Council discusses events center timeline
In order to accommodate an October 2010 opening for Bemidji State University hockey, the Bemidji City Council will need to consider some options regarding the construction timeline for the events center.
Architect Paul Richards from Widseth, Smith, Nolting presented the council with a timeline for the events center project and overall south shore redevelopment during a work session Monday night.
The events center will require 24 months for construction, he said.
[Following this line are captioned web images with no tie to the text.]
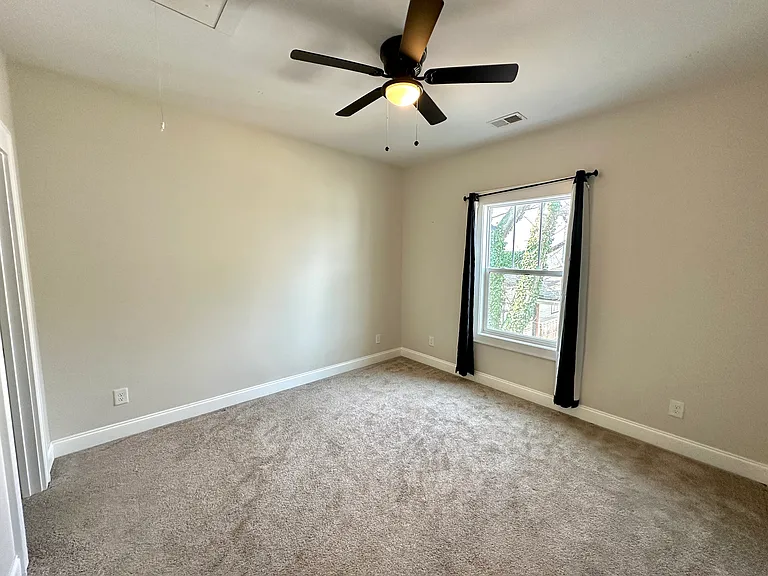 103 Pine St — Photo 17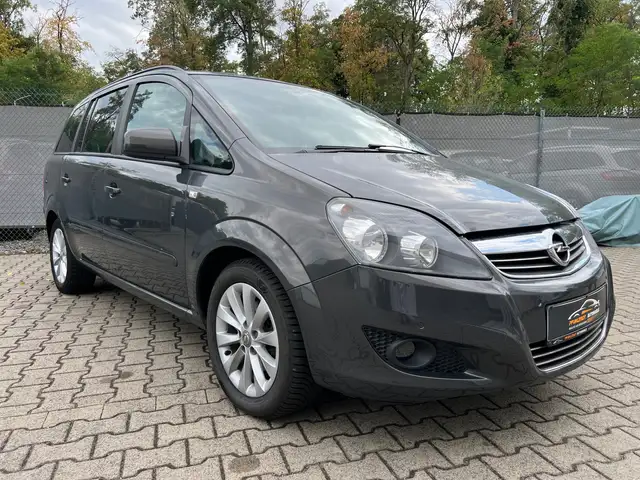 Opel Zafira view 3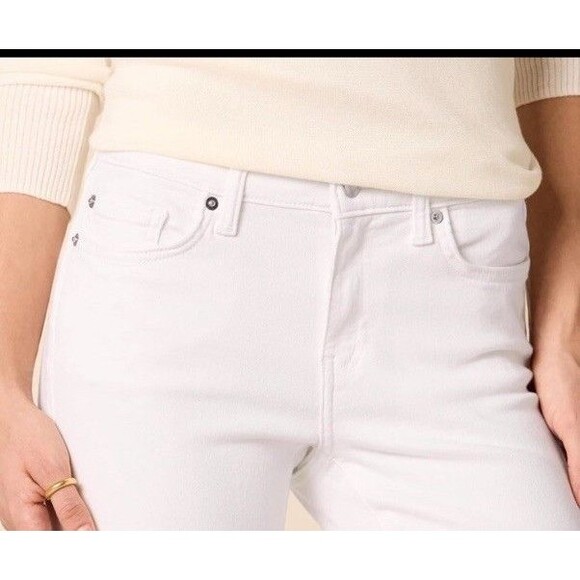 New Amazon Essentials Women's Mid-Rise Skinny Jean White Size 14. - Picture 1 of 5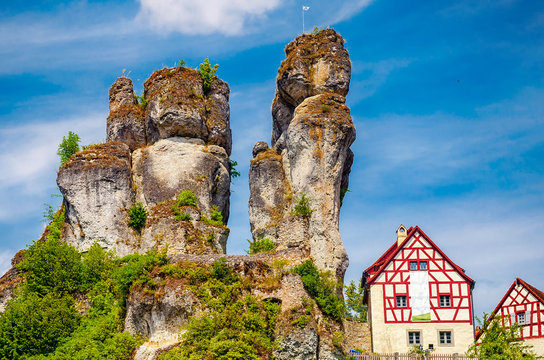      Burgfels und Felsendorf T&uuml;chersfeld in der Fr&auml;nkischen Schweiz, Bayern 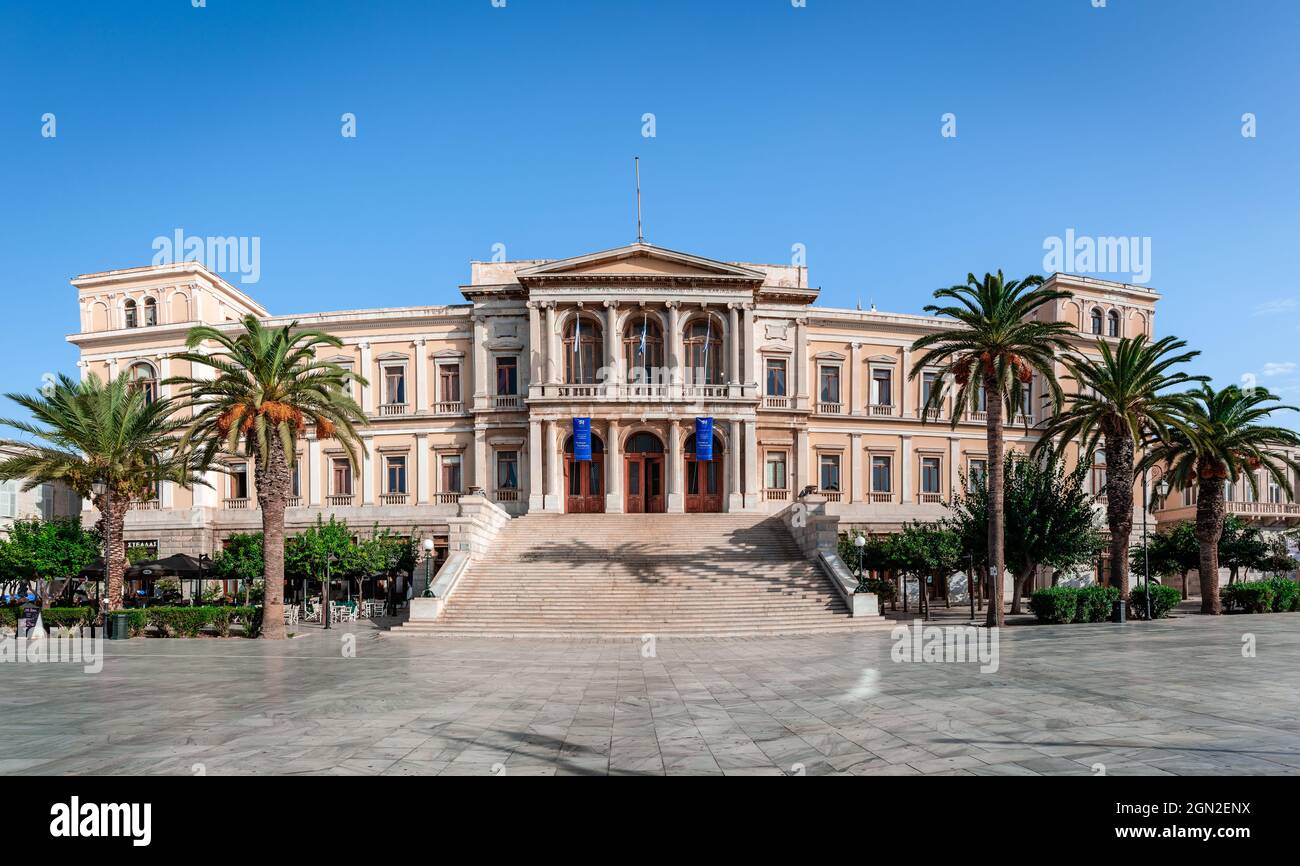 Panorama del Municipio di Hermoupolis, os Syrow Island. Costruito nel 1876, è uno dei centri commerciali più grandi e suggestivi della Grecia. Foto Stock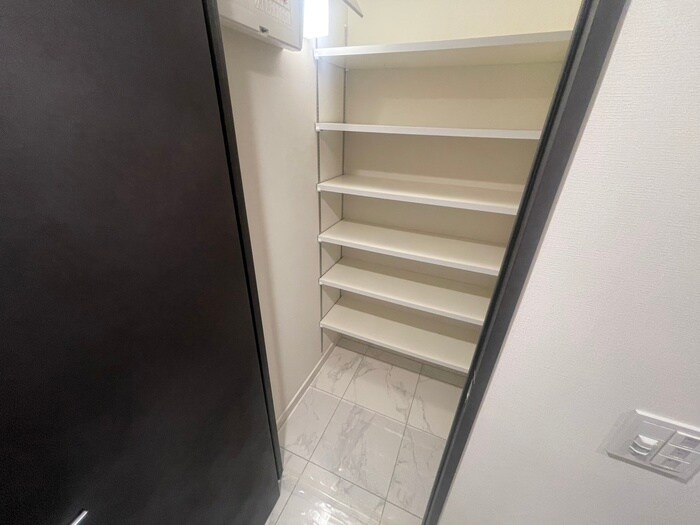 物件内観写真19　(靴箱)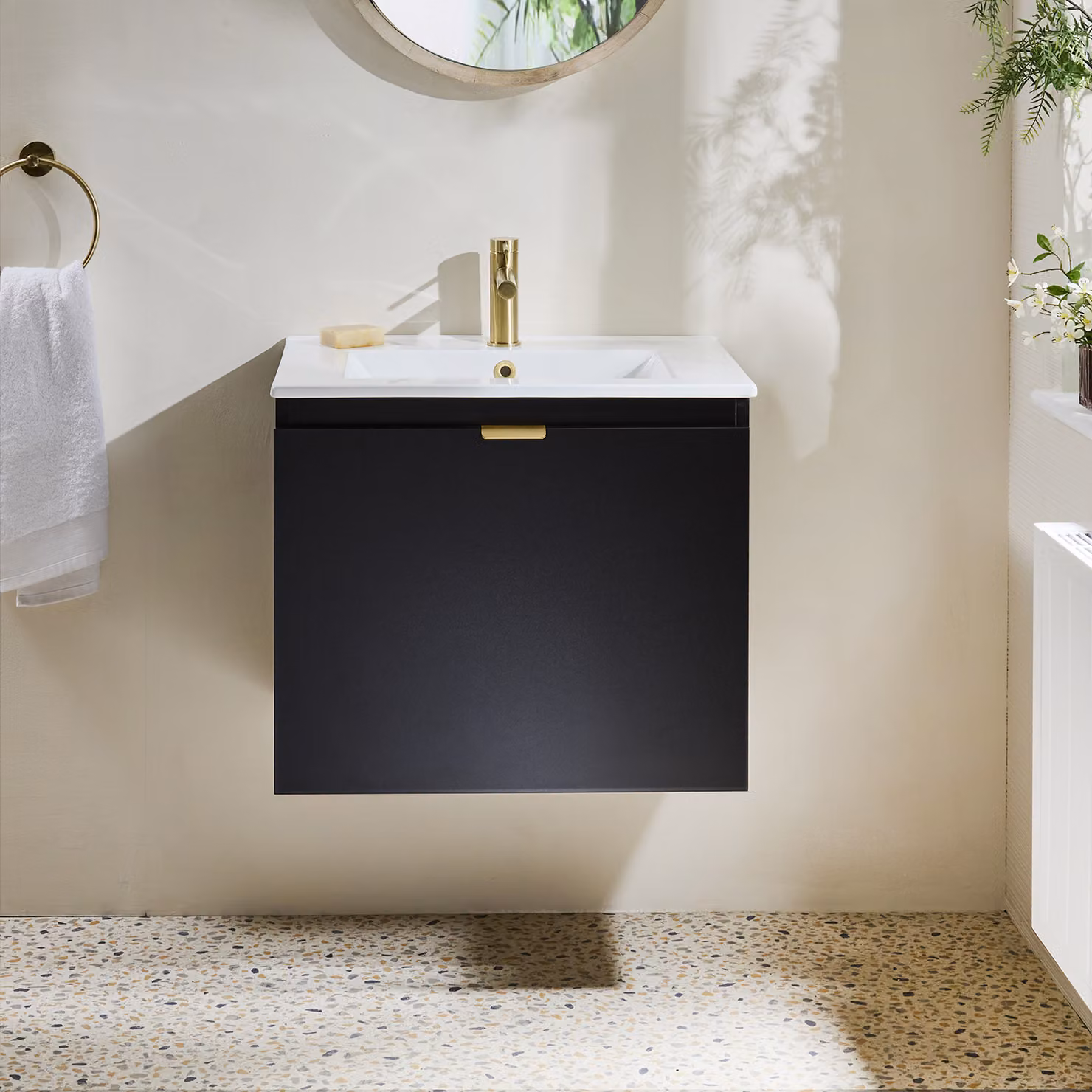Mobile Bagno Grigio Nero Sospeso da 600mm con Lavabo e Maniglia con Impugnatura a Dito in Oro Satinato - Cluo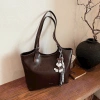 Túi da công sở kéo khoá size vừa, tote da mềm đeo vai charm Báo Store TXN297 109k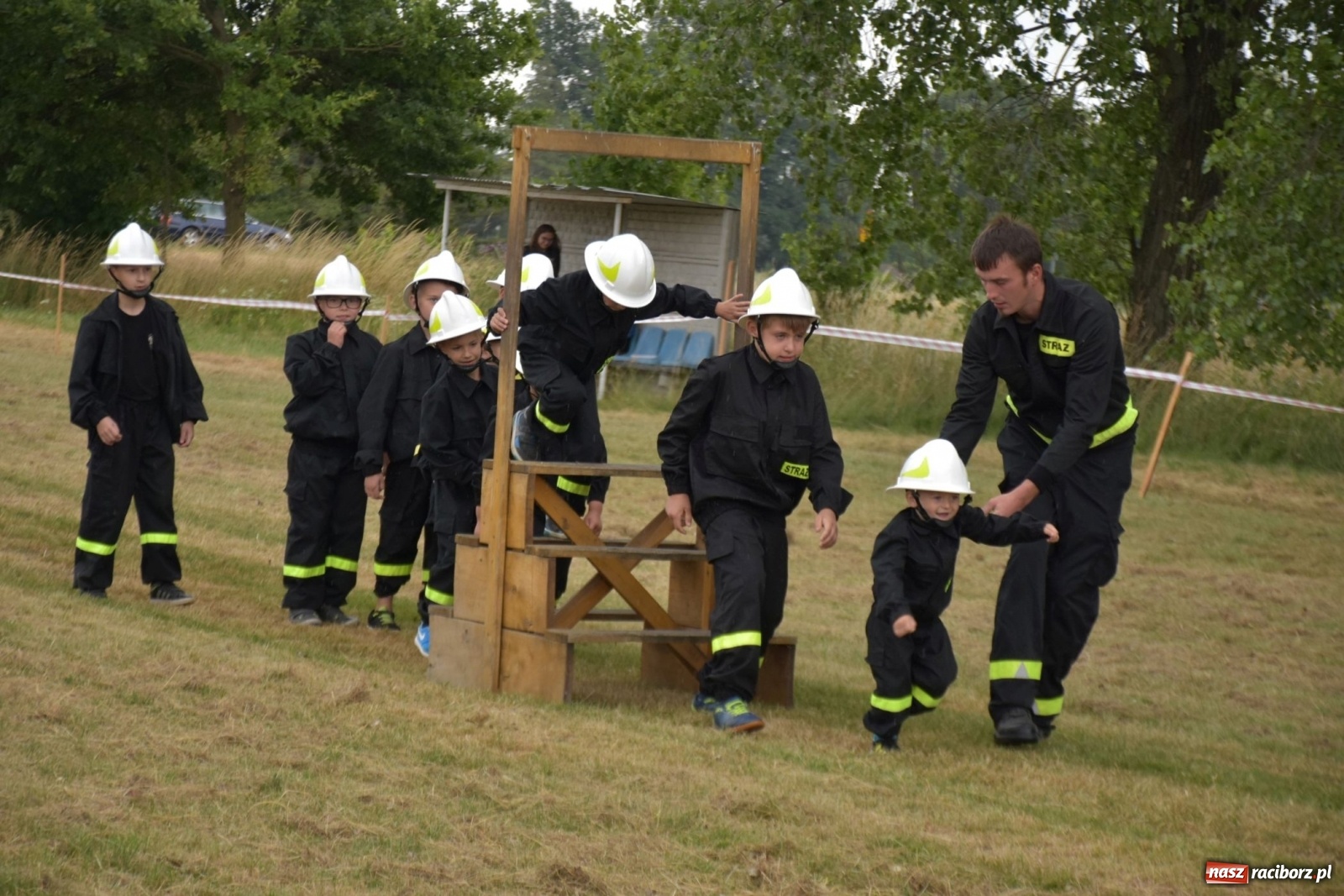 Zdjęcie w galerii na portalu naszraciborz.pl: Bieńkowickie zawody sikawek konnych. Tworków z głównym trofeum [FOTO i WIDEO] wiadomości z regionu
If construction does not start until spring 2009, unless it is accelerated, BSU hockey would not be able to move into the facility in October 2010 as planned, he explained.
Thus, Richards presented the council with several options:
E Construction would start as planned in spring 2009 but would be bid as a 17-month project.
E Footing and foundation work would be done this fall and construction would begin in spring 2009 and span another 17 months.
E Construction would begin in spring 2009 and last 24 months, delaying BSU's occupancy of the facility.
City Manager John Chattin and Councilor Ron Johnson both spoke against the third option, saying that BSU has been planning on an October 2010 opening.
"It's been October 2010 all along to get BSU into this facility," Chattin said. "If we change that, we would have to sit down with BSU and find out what those repercussions are."
BSU has been working to pre-sell premium seating, such as suites, to fans based on a 2010-11 hockey season in the new arena, Chattin explained.
Johnson added that the scheduling alliance with the Western Collegiate Hockey Association also is based on October 2010 occupancy.
The entire south shore development area, which includes the proposed site of the events center, will be submitted to the Greater Bemidji Area Joint Planning Board as one Planned Unit Development, Chattin and Richards told the council.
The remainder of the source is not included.